Problems Importing FASTA File

Hello,

I’ve been having the same problem, so I’ve been following this thread to try to solve my problem. After following the script you suggested, I attempted to import my reference-hit.seqs.fa file again, and this time my error said: reference-hit.seqs.fa is not a(n) QIIME1DemuxFormat file
Earlier, the error was: not a(n) DNAFASTAFormat file

This is confusing to me, because I don’t know why it would require a single file to have 2 different formats. Is there a way to force the plugin to choose one format or the other?

Thanks!

Hi @aeriel.belk
I have the same problem with you… I am trying figure out it…:sweat_smile:

Hi @aeriel.belk, we need a bit more information before we can provide assistance:

  • What version of QIIME 2 are you using?
  • What were the exact commands you ran? Copy-and-paste please!
  • What were the exact errors you observed? Copy-and-paste the results when run with --verbose.

It sounds like you ran at least two different commands, judging by the errors you mention above, so if possible please provide both of those.
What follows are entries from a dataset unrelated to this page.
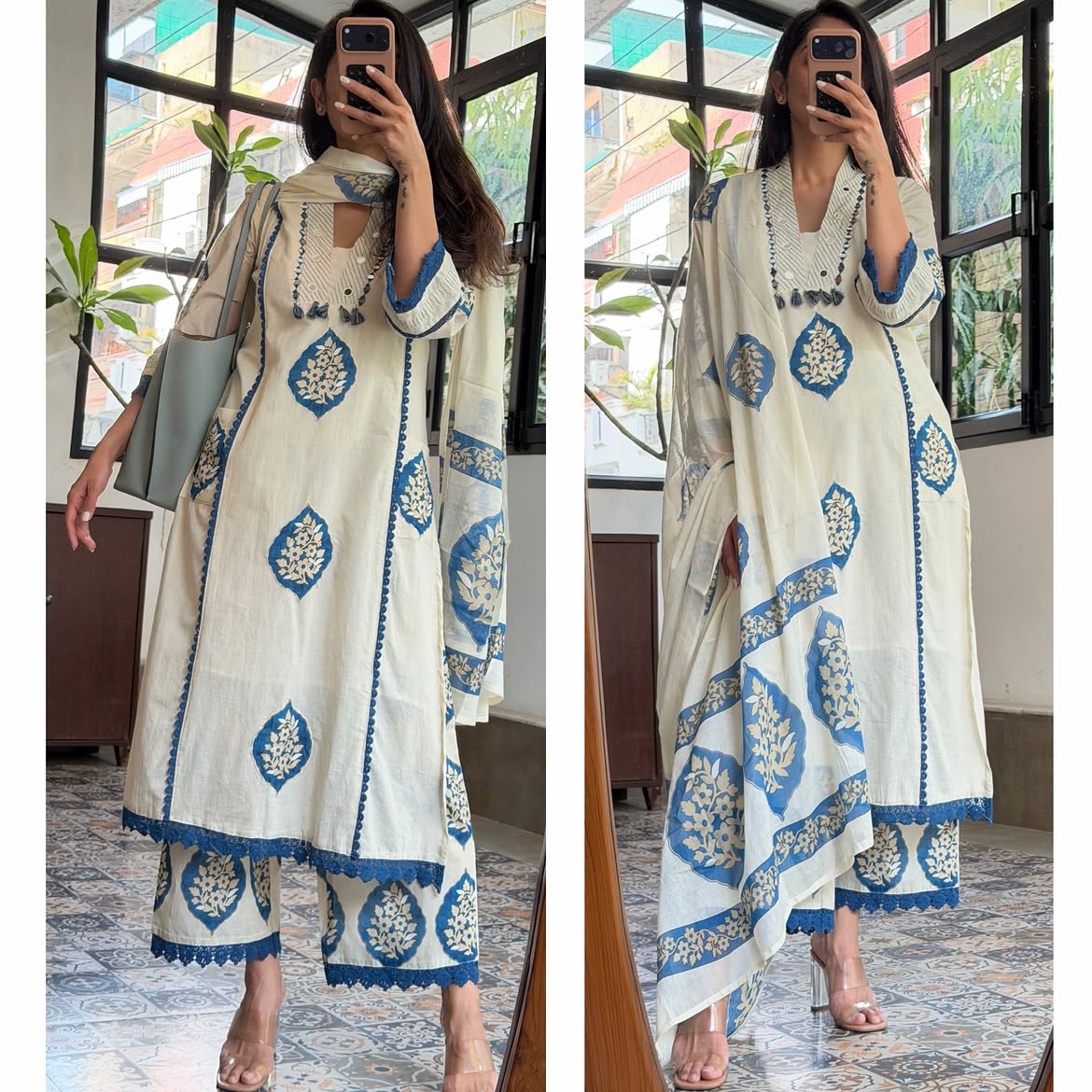 White and blue cotton kurta pant set with dupatta for women
Women’s white blue Indian kurta set with matching pants and dupatta
White cotton kurta with blue traditional print pants and dupatta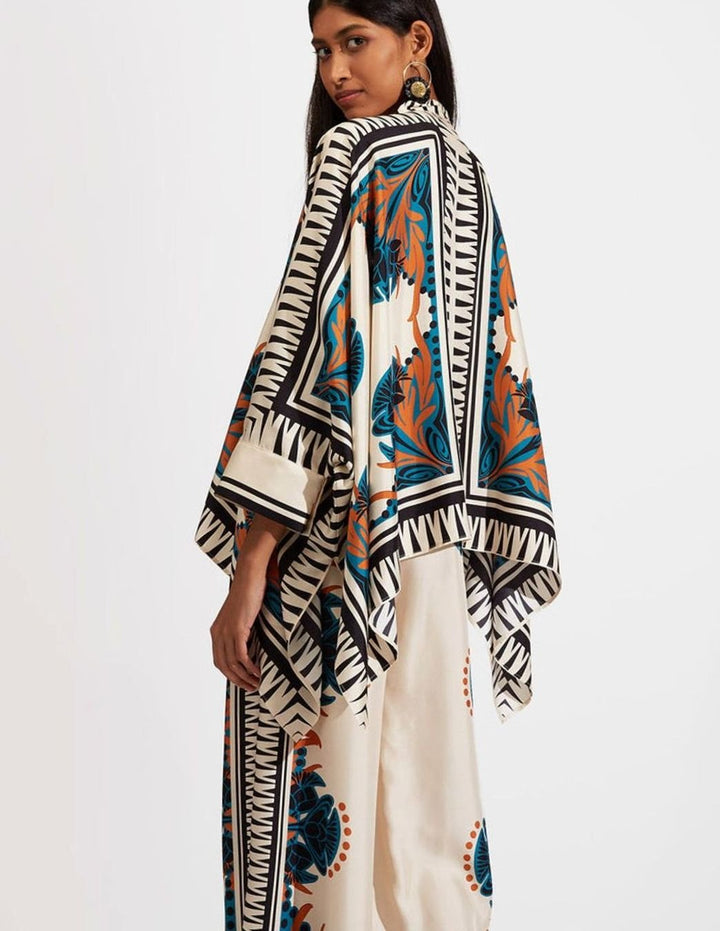 Women's Boho Kimono-Sleeve Top Wide-Leg Trouser Two-Piece Set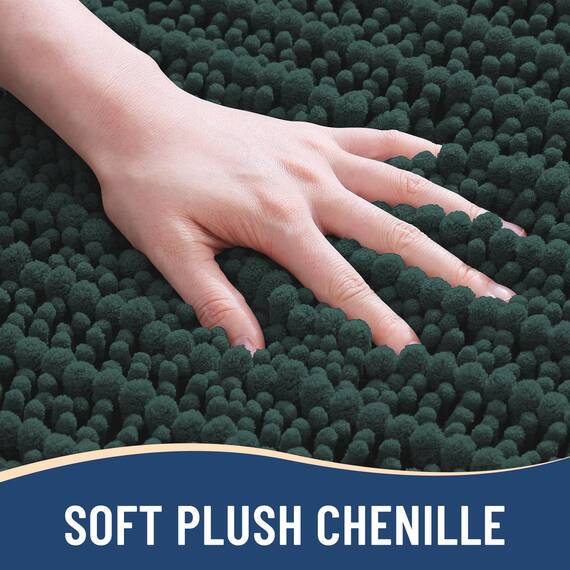 Arotive Luxuriöser Badezimmerteppich, extra weich, dick, saugfähig, zottelig, Chenille, rutschfest, maschinenwaschbar, trocknergeeignet, Badematten für Badezimmerboden, Badewanne und Dusche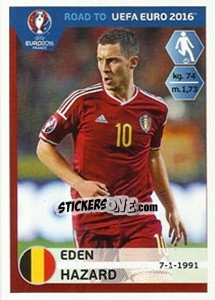 Sticker Eden Hazard - Road to UEFA Euro 2016 n. 11 - Panini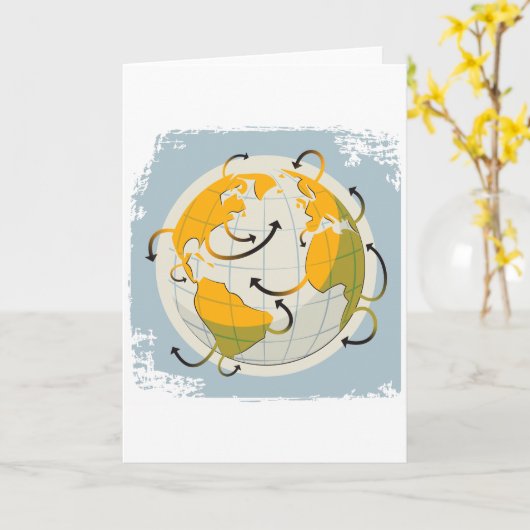 Abstrakte Globe-Karten Karte (Gelbe Blume)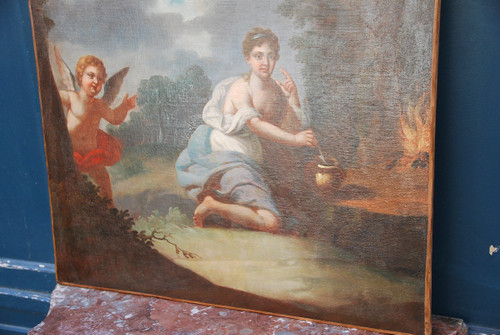 Huile XVIIIe siècle Jeune Femme à  L Amour
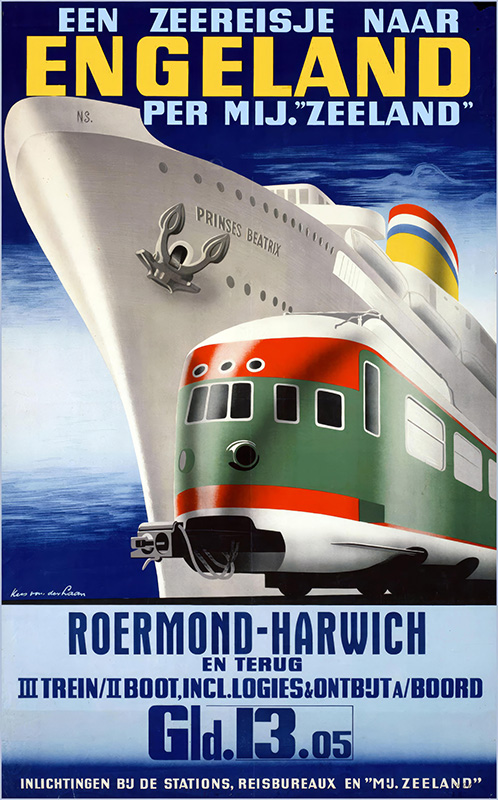 Vintage Zeeland travel poster showcasing the Princess Beatrix ship and a train, promoting scenic sea and rail journeys from Roermond to Harwich, England, with detailed pricing and schedules. Poster print available in A1 to A4 sizes.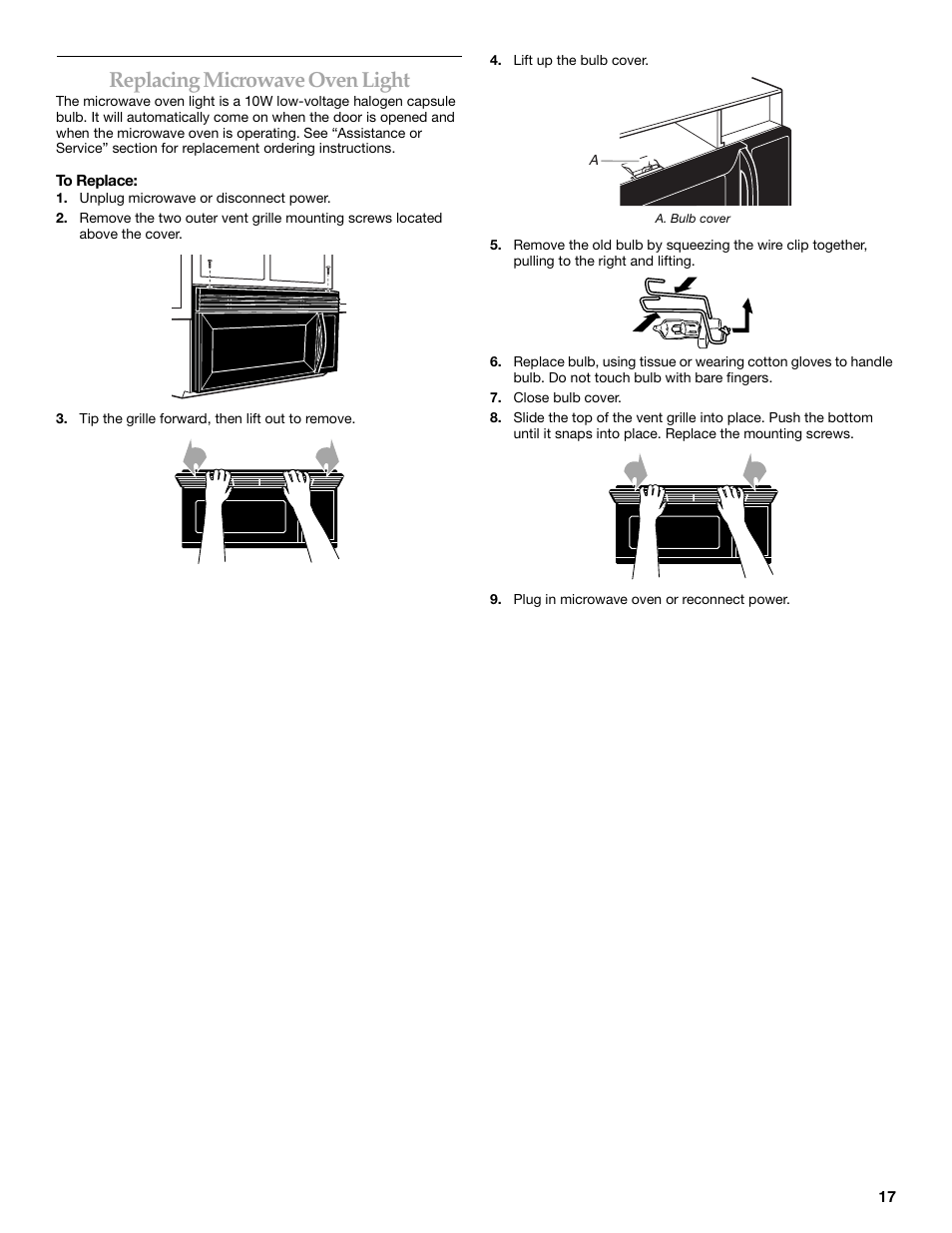 Replacing microwave oven light | KITCHENAID KHMS155L User Manual | Page 17 / 20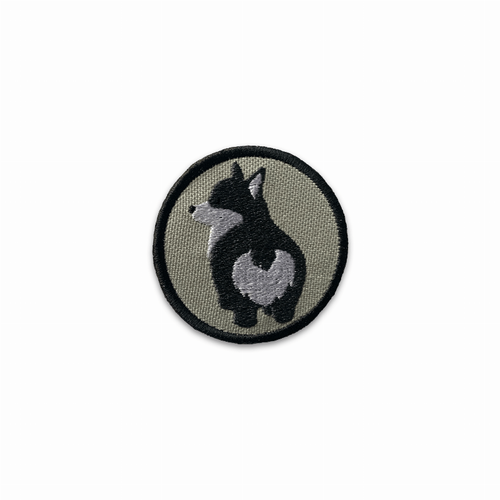 Dog Breed Patches - Breed_CorgiBum_Gray_Circle_V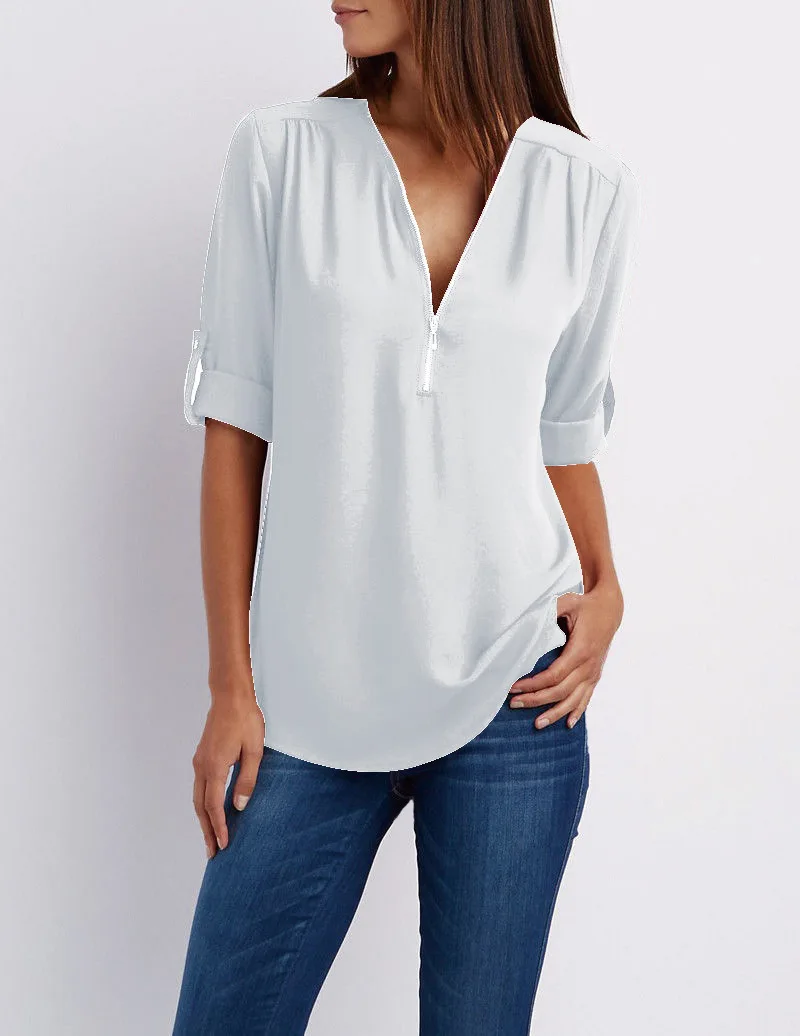 S-5XL Women Chiffon Blouse Casual Half Sleeve V-Neck Zipper Blue Irregular Loose Shirts Summer Autumn Sexy Tops Plus Size Shirts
Thanks! :t_rex:

Hi,

I am using qiime2-2017.10. Here were my commands:

qiime tools import --input-path reference-hit.seqs.fa --output-path PMI3_Spring_rep-seqs.qza --type FeatureData[Sequence]
#Error: not a(n) DNAFASTAFormat file

wc -l reference-hit.seqs.fa
#output: 26714 reference-hit.seqs.fa
grep -v ‘^>’ reference-hit.seqs.fa | wc -l
#output: 13357
grep ‘^>’ reference-hit.seqs.fa | wc -l
#output: 13357
grep -v ‘^>’ reference-hit.seqs.fa | sort | uniq | wc -l
#output: 9723
grep ‘^>’ reference-hit.seqs.fa | sort | uniq | wc -l
#output: 9723

qiime tools import --input-path reference-hit.seqs.fa --output-path rep-seqs.qza --type SampleData[Sequence]
#Error: reference-hit.seqs.fa is not a(n) QIIME1DemuxFormat file

I’m realizing now as I typed this that I must have copied something wrong, because on my second try I have a different sample type. So, I just tried to run the import again using FeatureData[Sequence] on the data we changed with the grep commands, and I received the “not a(n) DNAFASTAFormat file” error again.

My best guess is that the program isn’t reading it as a .fasta file because the ID/sequence name is the same as the sequence itself. But if I just changed the sample ID that would probably mess things up downstream, right?

Thanks again!

Great, thanks for the details @aeriel.belk!

First off, I recommend you see my post here, which recommends using q2-deblur instead of deblur --- deblur produces data that needs a bit of massaging before it can be loaded into QIIME 2, that is where the advantage of q2-deblur comes in - it does that clean-up for you!

Yep, I am noticing that too!

The data is unchanged --- grep is just a tool for searching within files, it is non-destructive. @antgonza was asking for @Jingsi_Tang to run some grep commands to get a sense of the structure of the data, to make sure that there wasn't anything too crazy happening in the fasta file.

I can't say for sure, but ID-cleanup is one of the things happening in the q2-deblur plugin, so if possible, I would recommend re-running your deblur step in q2-deblur!

Thanks! :t_rex:

This topic was automatically closed 31 days after the last reply. New replies are no longer allowed.